Google · Filed Oct 16, 2025 · Published May 14, 2026 · verified — real USPTO data

Google Patents a Smarter Prediction Scheme for 3D Mesh Compression

3D meshes are made of millions of tiny triangles, and compressing them efficiently means guessing vertex positions as accurately as possible before storing only the error. Google thinks it has a better guessing strategy.

Google Patent: 3D Mesh Compression Prediction Scheme — figure from US 2026/0134579 A1
FIG. 1A — rendered from the official USPTO publication PDF.
Publication number US 2026/0134579 A1
Applicant GOOGLE LLC
Filing date Oct 16, 2025
Publication date May 14, 2026
Inventors Igor Vytyaz
CPC classification 382/232
Grant likelihood Medium
Examiner CENTRAL, DOCKET (Art Unit OPAP)
Status Docketed New Case - Ready for Examination (Nov 12, 2025)
Parent application Claims priority from a provisional application 63720448 (filed 2024-11-14)
Document 20 claims

How Google predicts 3D vertex positions more accurately

Imagine a 3D model of a human face — it's built from thousands of tiny triangles, each defined by corner points called vertices.

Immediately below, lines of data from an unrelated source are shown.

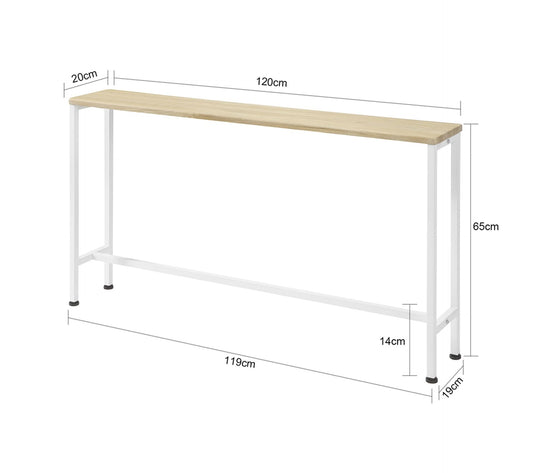 SoBuy Consoletafel - Metalen Hal - Naturel/Wit - 120x65x20cm
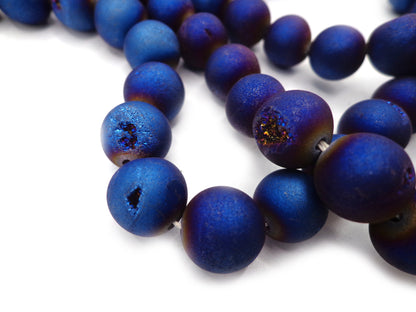 NATURAL Gemstone Druzy Agate Beads, Blue Smooth Round, Matte Finish 6mm 8mm 10mm 12mm Druzy Agate Beads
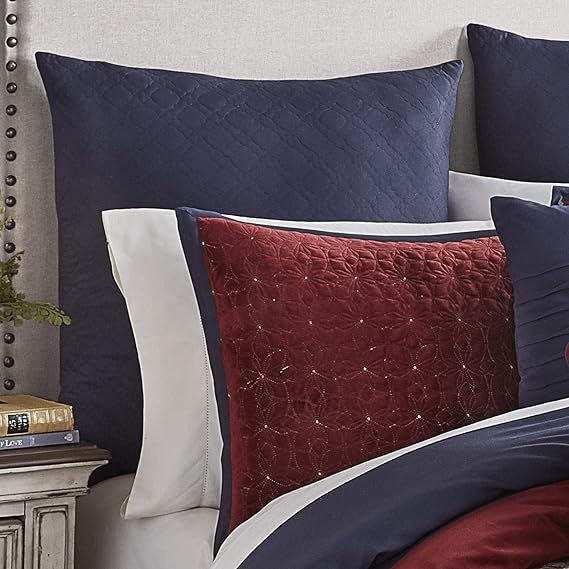 100% Polyester Comforter Set, King, Sadler - Red/Gray, 10 Piece Set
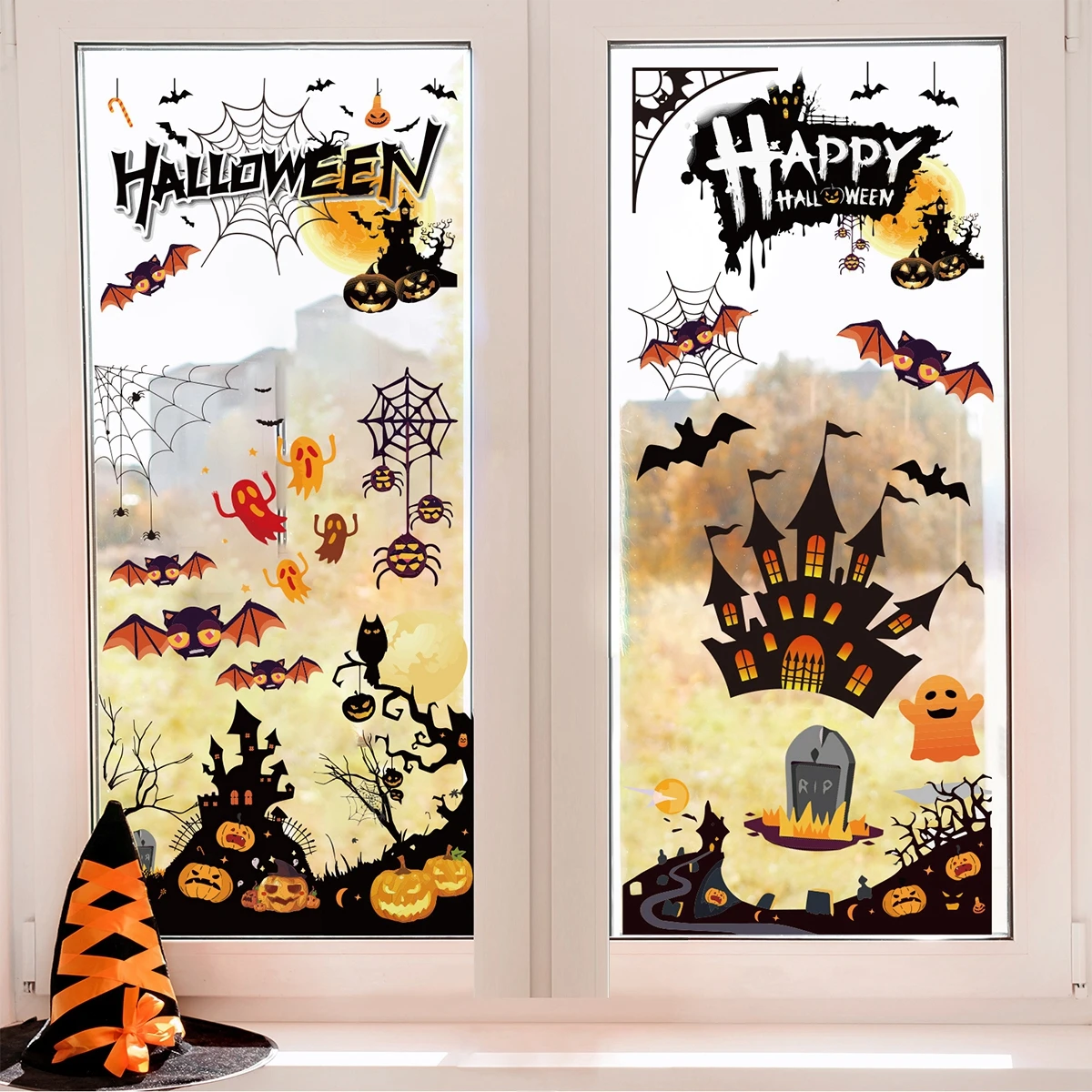 Halloween Window Stickers Happy Halloween Party Decoration For Home 2024 Trick Or Treat Pumpkin Bat Ghost Horror Party Supplies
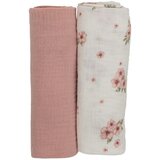 Bubaba by FreeON tetra pelena muslin 2/1 70x70 cm pink i cvjetići u
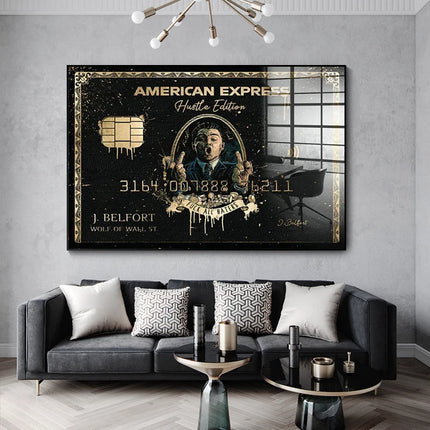 American Express Wall Street Wolf Classic Graffiti Movie Poster Canvas Print Financial Tycoon Picture Home Wall Decoration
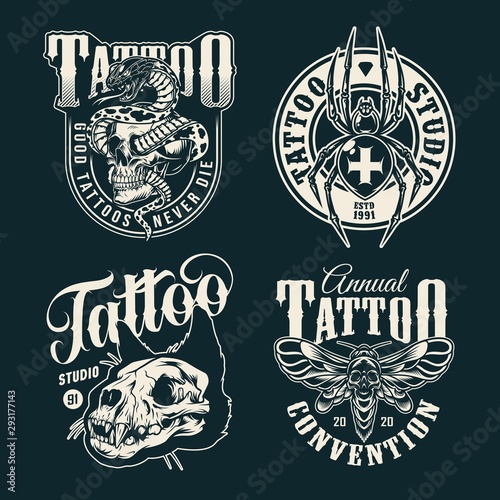Vintage tattoo salon emblems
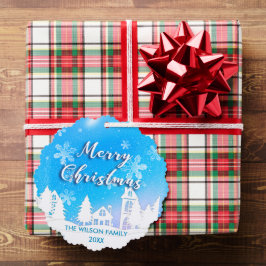 Blue Winter Wonderland White Snowy House Holiday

When you compress that model to send it over the internet or store it efficiently, the key trick is predicting where each vertex probably sits, then saving only how far off that prediction was. The smaller the error you need to save, the better your compression.

Right now, many compression systems make fairly naive guesses about where a vertex sits. Google's patent describes a smarter approach: look at a ring of already-decoded neighboring vertices arranged roughly like the corners of a hexagon around the point you're trying to reconstruct. By combining two edge vectors — essentially arrows pointing from one known neighbor to another — you arrive at a much more accurate predicted position.

The final decompressed position is just that prediction plus a small correction value stored in the file. Because the prediction is more accurate, the correction is smaller, which means the file is smaller. It's a geometric insight that pays off in reduced bandwidth and storage for anyone working with 3D content.

How the hexagonal neighbor prediction actually works

The patent describes a vertex prediction algorithm for compressing and decompressing triangular mesh geometry — the kind of data that defines the shape of 3D objects in games, maps, AR, and medical imaging.

When decompressing a vertex, the decoder already has access to several previously decoded neighboring vertices. The key insight is how to use those neighbors optimally. The method identifies a second vertex that sits geometrically opposite the target vertex — think of it as the far point of the hexagon. It then computes two edge vectors (directional arrows between specific pairs of neighbors) and adds both to that opposite vertex's position. The result is the predicted position of the target vertex.

Formally:

  • Identify the target vertex and its decoded neighbors (arranged roughly hexagonally)
  • Find the neighbor opposite the target vertex
  • Compute edge vector 1 and edge vector 2 from specific neighbor pairs
  • Add both vectors to the opposite vertex to get the predicted position
  • Add the stored correction variable (the residual error) to get the final decompressed position

Because the hexagonal neighbor geometry captures local surface curvature better than simpler schemes, the predicted position is closer to the true position, meaning the correction residual — and thus the bits needed to store it — is smaller. The corresponding encoder works in reverse: compute the prediction, subtract it from the true position, and store only the difference.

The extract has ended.